Door 12 provincies fietsen in 1 dag. Casper ging de uitdaging aan

door

In 1 dag alle 12 provincies doorkruisen? Dat klinkt als een pittige uitdaging. En dat is het ook. Een ware aanslag op lichaam en geest. Onze redacteur Casper Kuijpers kan erover meepraten. Samen met een vriend heeft hij deze uitdaging succesvol volbracht. Wij vroegen hem naar z’n bevindingen. In dit artikel lees je zijn verhaal en geeft hij praktische tips. Van de maandenlange voorbereiding tot aan de glorieuze finish. Het woord is aan Casper…

Na mijn eerste rit van 200km besloot ik om een bikefitting te ondergaan. In gesprek met de specialist vertelde ik trots over mijn afstandsrecord dat ik de week ervoor had gevestigd. Niets afdoend aan mijn prestatie vertelde de beste man dat zijn fietsgroepje afgelopen zomer door heel Nederland was gefietst. Niet in een week tijd maar in één dag! Ik had eerlijk gezegd nooit gedacht dat het überhaupt mogelijk was om zo lang achter elkaar door te fietsen. Zijn verhaal inspireerde me. Een perfect afgestelde racefiets rijker, belde ik direct mijn fietsmaatje op. Zo gezegd zo gedaan, deze uitdaging gaan wij aan!

Het plannen van de epische wielertocht

Als nog vrij onervaren wielrenners hebben we onder het genot van een biertje een grove schets gemaakt. Wat hebben we allemaal nodig? Een route, een fiets, eten en drinken, bandjes, inbussleuteltjes, fietskleding, fietstassen, en niet geheel onbelangrijk; een dijk van een conditie. De ‘plan de campagne‘ stond in de stijgers.

Een goede voorbereiding is het halve werk

Wat volgde waren vele fietstochten. Na het lezen van artikelen, bekijken van YouTube video’s en een dosis gezond verstand, kregen we steeds meer inzicht in de juiste manier van trainen. Wat nou echt essentieel gereedschap is om mee te nemen en wat te eten tijdens (extreem) lange tochten. In een notendop betekende dit enerzijds duurtraining (ritten van ongeveer 4 uur) en anderzijds ons basistempo opschroeven door middel van intervaltraining.

‘If you crave it, eat it’

Een leuke ontdekkingsreis, want waar ik voorheen vooral hard wilde fietsen en alleen suiker wist weg te werken, merkte ik bij duurtraining al gauw dat ik geen zin had in mijn energiereep, maar ontzettend veel trek had in een vette hap. Een van de lessen die ik van extreme duursporters heb onthouden; ‘if you crave it, eat it’. Je lichaam geeft aan wat het nodig heeft, dus in plaats van de snoepreep of koffie met gebak; een lekkere vette vis of een mandje bruin fruit bij terugkomst.
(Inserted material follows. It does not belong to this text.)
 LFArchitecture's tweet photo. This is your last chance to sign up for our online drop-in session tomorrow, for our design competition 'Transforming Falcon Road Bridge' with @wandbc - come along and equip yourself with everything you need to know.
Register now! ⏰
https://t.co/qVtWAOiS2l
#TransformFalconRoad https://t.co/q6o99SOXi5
Na 2 maanden voorbereiding was het dan eindelijk zover. We hadden de weersverwachting goed bekeken en vooral ook een inschatting gemaakt van de te verwachten wind. Zo hebben we bepaald of we het rondje linksom of rechtsom gingen fietsen. Daarnaast hadden we besloten om in de middag te vertrekken om zo ‘fit’ mogelijk de nacht door te fietsen. Of dit een verstandig idee was weet ik nog steeds niet, maar er was in ieder geval een plan.
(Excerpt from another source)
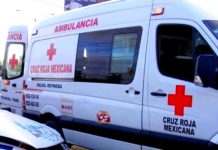Unidad médica auxilia a persona de la tercera edad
De start van de fietstocht

Om 17.11u was het dan zover. Bepakt met kleren, veel eten, tools en een reserve bandje. Wij zijn er klaar voor. Vanuit Nijmegen fietsten we richting het westen. De provincies Gelderland, Limburg, Brabant en Zeeland waren als eerst aan de beurt. Met verve trapte we 150 kilometer weg en maakte we onze eerste stop bij een tankstation om ons rantsoen aan te vullen. Op dat moment waren we namelijk al door de helft van onze etensvoorraad heen. We waren wat zuinig met het aanvullen, want je wilt natuurlijk niet teveel gewicht meesjouwen.

Na de zuidelijke provincies door naar Noord-Holland

Na Zeeland te hebben aangetikt, koersten we door richting noordoost. De zon was inmiddels ver achter de horizon verdwenen. Onder de rook van Rotterdam streepte we Zuid-Holland af en in de buurt van Gouda, met een ruime 200 kilometer op de teller, begon het zwaar te worden. Niet conditioneel, maar slaap was het probleem. Met pijn en moeite lukte het om de ogen open te houden en door te fietsen. Koffie? Goed idee, maar vind maar eens een plekje om 3:00 uur ’s nachts. Gelukkig, toen de eerste zonnestralen zich weer aan de horizon voordeden was ik direct klaarwakker. Mijn compagnon wist me te vertellen dat het te maken had met cortisol en melatonine. Op dat moment begreep ik er vrij weinig van, maar ik tekende er voor.

De volgende uitdaging deed zich een klein uurtje later voor. Het is 5 uur in de ochtend, ons eten en drinken is op, we fietsen de Hollandse brug op richting Flevoland om via de dijk naar Lelystad te fietsen. In geen velden of wegen een supermarkt te bekennen en de wind steekt, tegen verwachting in, al vroeg op vanuit het noorden. Op ons tandvlees met snelheden van onder 25 km/h, twee uur lang tegen de wind in richting Lelystad waar we bij het eerste tankstation onszelf konden trakteren op alles waar we maar zin in hadden. Een half pak autodrop per persoon bracht ons weer op de been waarna we onze koers vervolgde richting Friesland en ons meeste Noordelijke keerpunt, provincie Groningen.

De wind eindelijk mee

Een scherpe bocht naar rechts bracht ons in zuidelijke richting. Eindelijk hadden we de wind mee! Niet alleen fysiek, maar ook mentaal was dit een flinke boost. De snelheidsmeter piekte weer regelmatig boven de 30 km/h en in plaats van achter elkaar in het wiel te moeten kruipen, te schuilen voor de wind, konden we weer gezellig naast elkaar fietsen om moed in te spreken voor de laatste 200km.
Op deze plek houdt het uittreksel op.